[[ Dataset extract, beginning ]]
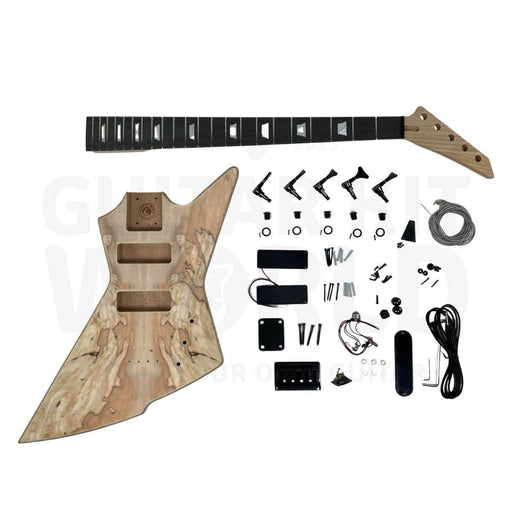 Spalted maple veneer 5-string bass guitar kit, complete kit with body, neck and hardware - Guitar Kit World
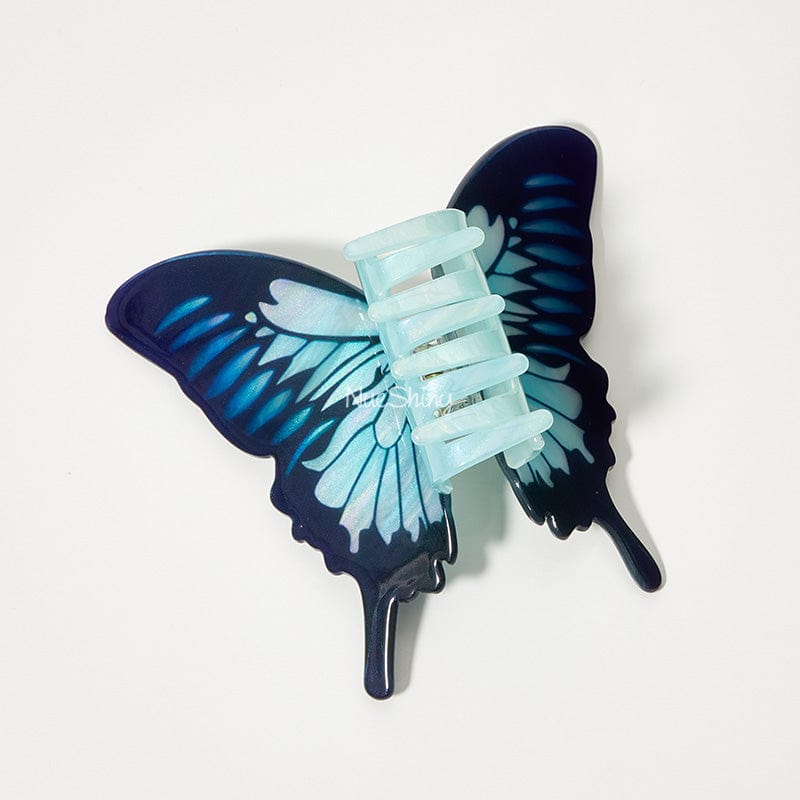 Large Wings of Wonder Blue Vivid Butterfly Hair Claw丨NueShiny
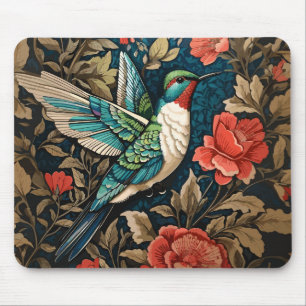 Exotischer Kolibri, inspiriert von William Morris Mousepad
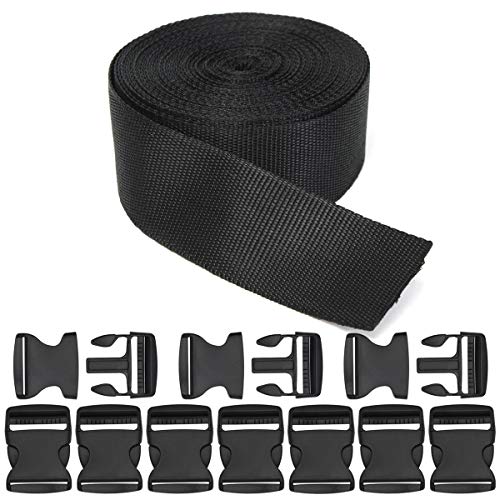 RETON 50MM 10 Yardas Negro Correa de Nylon Correas + 10 Piezas Hebillas Ajustables plástico Lateral Hebillas de liberación (50MM, 10 Piezas)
[[ Dataset extract, end ]]
(Task directions): Lines from the one that contains "Exotischer Kolibri, inspiriert" through the last line of the data above are to be extracted exactly, with no pictures and no other lines.

(Answer area):
 Exotischer Kolibri, inspiriert von William Morris Mousepad
 RETON 50MM 10 Yardas Negro Correa de Nylon Correas + 10 Piezas Hebillas Ajustables plástico Lateral Hebillas de liberación (50MM, 10 Piezas)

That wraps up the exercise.